_What this task involves_. Would you print all of the records below exactly, without skipping any?
(Provided data Opens)
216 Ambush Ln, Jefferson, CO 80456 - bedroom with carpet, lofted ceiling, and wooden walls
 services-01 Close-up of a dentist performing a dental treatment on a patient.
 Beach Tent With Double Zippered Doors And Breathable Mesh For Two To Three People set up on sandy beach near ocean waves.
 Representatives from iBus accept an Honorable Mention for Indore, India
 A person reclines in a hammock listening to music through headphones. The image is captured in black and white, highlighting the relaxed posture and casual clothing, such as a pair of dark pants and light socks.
(Provided data Closes)
_Answer section_.
216 Ambush Ln, Jefferson, CO 80456 - bedroom with carpet, lofted ceiling, and wooden walls
 services-01 Close-up of a dentist performing a dental treatment on a patient.
 Beach Tent With Double Zippered Doors And Breathable Mesh For Two To Three People set up on sandy beach near ocean waves.
 Representatives from iBus accept an Honorable Mention for Indore, India
 A person reclines in a hammock listening to music through headphones. The image is captured in black and white, highlighting the relaxed posture and casual clothing, such as a pair of dark pants and light socks.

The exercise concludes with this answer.